Società

Il cliente e la prostituta? Un rapporto (a volte) d'amore

Secondo una ricerca americana su oltre 2mila messaggi postati su forum di escort e incontri. L'esperta: "L'uomo vuole essere ascoltato ma ha un vero sentimento"

Pretty Woman

Una scena del film Pretty woman in cui l'attore Richard Gere veste i panni di un manager che si innamora di una prostituta (Julia Roberts)

"Salve, qualcuno sa consigliarmi una escort giovane e brava a coccolare gli uomini dal cuore infranto?". Sognatore_74 è ben conscio che la sua richiesta non avrà molte risposte esaustive. Ma lui ci prova lo stesso e su un forum specializzato di recensioni sulle "signorine", più volte torna alla carica, chiedendo informazioni su chi lo possa abbracciare sì a pagamento, ma come una fidanzata. Un caso raro? Niente affatto secondo uno studio americano condotto dal dottor Ronald Weitzer della George Washington University su oltre 2mila messaggi postati sui forum di annunci e recensioni. Questo capiterebbe almeno al 33% degli uomini che cercano sesso a pagamento.

La ricerca porta ad un sostanziale risultato: i clienti delle prostitute a volte sviluppano sentimenti d’amore verso chi concede loro qualche minuto di ascolto. Ed è proprio il bisogno di affetto e di comprensione che li spinge a cercare questo tipo di rapporti come nel film 'Pretty Woman'. Non solo sesso quindi, ma comunicazione.

Spulciando i vari siti di incontri e di escort, compaiono messaggi che attestano quanto lo studio riporta. Alcuni post sono delle vere e proprie schede di gradimento in cui oltre al voto sulle varie specialità della prostituta, c'è anche quanche commento sulla dolcezza e cortesia della ragazza, dimostrando così che l'uomo non cerca solo l'atto sessuale ma anche chi lo possa ascoltare e capire.

Anche alcuni termini dimostrano ciò. "Escort", negli ultimi anni, ha lasciato il posto ad "accompagnatrice", mentre nell'ambiente, vengono chiamate solo con il termine generico di "ragazze". Inoltre l'aspetto mercificatorio sembra essere oscurato. Nei siti e nelle telefonate clienti-prostitute, le rose prendono il posto degli euro: "Chiedo le rose che valgo" c'è scritto nella homepage di una delle accompagnatrici più famose in Italia. Rosarossa è invece il nome di uno dei siti di annunci più rinomati italiani del genere.

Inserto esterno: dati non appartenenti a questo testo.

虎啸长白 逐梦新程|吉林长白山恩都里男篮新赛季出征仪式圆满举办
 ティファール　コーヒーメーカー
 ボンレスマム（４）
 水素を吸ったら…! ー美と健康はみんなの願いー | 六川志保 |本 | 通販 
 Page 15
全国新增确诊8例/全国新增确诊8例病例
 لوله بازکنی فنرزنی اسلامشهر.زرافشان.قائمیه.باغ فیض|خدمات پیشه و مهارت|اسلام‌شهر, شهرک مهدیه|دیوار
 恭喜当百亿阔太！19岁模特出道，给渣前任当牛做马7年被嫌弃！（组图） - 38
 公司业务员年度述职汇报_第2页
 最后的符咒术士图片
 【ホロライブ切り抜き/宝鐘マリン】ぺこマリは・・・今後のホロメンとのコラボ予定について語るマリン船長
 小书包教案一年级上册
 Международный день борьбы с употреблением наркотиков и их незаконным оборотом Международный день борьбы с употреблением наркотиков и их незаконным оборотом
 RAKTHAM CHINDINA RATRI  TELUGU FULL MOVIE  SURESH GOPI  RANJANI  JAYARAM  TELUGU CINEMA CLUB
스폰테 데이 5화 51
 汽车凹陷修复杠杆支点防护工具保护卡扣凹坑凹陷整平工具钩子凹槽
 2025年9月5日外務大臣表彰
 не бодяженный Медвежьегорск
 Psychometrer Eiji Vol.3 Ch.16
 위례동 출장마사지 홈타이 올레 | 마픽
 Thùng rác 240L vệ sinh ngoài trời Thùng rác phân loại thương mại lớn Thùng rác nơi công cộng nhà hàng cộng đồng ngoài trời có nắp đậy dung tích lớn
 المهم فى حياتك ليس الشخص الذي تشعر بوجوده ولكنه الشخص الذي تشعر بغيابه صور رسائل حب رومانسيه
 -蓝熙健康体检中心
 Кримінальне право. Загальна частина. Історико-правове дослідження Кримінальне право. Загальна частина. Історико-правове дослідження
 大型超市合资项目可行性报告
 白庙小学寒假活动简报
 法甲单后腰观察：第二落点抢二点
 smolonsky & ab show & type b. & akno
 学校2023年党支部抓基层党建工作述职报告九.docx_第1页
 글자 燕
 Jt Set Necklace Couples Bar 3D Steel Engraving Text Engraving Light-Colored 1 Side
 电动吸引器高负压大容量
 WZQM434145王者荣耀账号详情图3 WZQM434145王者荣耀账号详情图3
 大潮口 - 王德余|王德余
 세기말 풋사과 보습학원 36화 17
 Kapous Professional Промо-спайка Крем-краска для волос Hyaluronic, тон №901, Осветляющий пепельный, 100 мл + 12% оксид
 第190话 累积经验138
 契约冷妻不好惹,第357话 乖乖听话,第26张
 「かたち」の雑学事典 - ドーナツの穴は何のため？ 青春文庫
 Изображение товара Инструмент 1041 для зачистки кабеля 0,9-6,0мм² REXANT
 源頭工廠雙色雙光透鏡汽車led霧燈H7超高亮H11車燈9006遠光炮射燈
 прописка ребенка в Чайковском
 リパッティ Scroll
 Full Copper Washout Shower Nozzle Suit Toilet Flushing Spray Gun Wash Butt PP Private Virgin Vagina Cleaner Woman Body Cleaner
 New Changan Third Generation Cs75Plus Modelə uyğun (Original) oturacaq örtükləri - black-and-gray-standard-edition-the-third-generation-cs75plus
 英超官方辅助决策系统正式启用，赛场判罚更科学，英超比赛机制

La rosa, quindi, che dà un senso di passione e di amore nel rapporto tra una prostituta e il suo cliente, nonostante questo, a volte, ha moglie e figli. Ed è da qui che la dottoressa Margherita Napoli, sessuologa dell'associazione Arpes parte con la sua analisi: "Bisogna distinguere due tipolgie di clienti: l'uomo che va con una prostituta per sesso e l'uomo che ci va per essere ascoltato, capito. Ed è proprio su quest'ultimo che si concentra la ricerca in questione. E' un uomo che, nonostante abbia a volte anche moglie e figli, non si sente capito e ha problemi di comunicazione con la sua partner".

Non è poi l'amore il vero sentimento che trovano, secondo la dottoressa: "Si illudono di trovare questo sentimento, ma poi realmente non lo raggiungono. E' solo un'infatuazione che nasce dalla disponibilità all'ascolto di certe prostitute. Solo raramente l'uomo si innamora ed è ancora più difficile, ma certo comunque possibile, un rapporto d'amore cliente-prostituta". Ogni giorno la dottoressa ha pazienti con difficoltà sessuali: "Uno di loro mi ha raccontato perfino di cercare la compagnia di prostitute perché si sentiva solo. A loro chiedeva di parlare senza farci sesso". Un caso che dimostra l'esistenza dell'uomo che vuole essere soddisfatto. Ma venendo capito.